### What you have to do
Write out the stretch of lines below that begins at the line with "Малки и големи" and ends at the line with "2022 Indian FTR R 1200 CARBON Black", including both, exactly as given and nothing more.

### Data to examine

--- START ---

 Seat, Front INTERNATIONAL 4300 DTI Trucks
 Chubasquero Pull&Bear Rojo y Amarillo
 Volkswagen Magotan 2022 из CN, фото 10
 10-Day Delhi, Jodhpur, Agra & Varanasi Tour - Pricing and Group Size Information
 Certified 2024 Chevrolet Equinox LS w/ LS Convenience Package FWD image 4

--- END ---
--- START ---

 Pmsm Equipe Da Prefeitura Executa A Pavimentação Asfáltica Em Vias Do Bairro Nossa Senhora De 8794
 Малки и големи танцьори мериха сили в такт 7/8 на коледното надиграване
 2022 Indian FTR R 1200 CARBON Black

--- END ---

### Answer area
 Малки и големи танцьори мериха сили в такт 7/8 на коледното надиграване
 2022 Indian FTR R 1200 CARBON Black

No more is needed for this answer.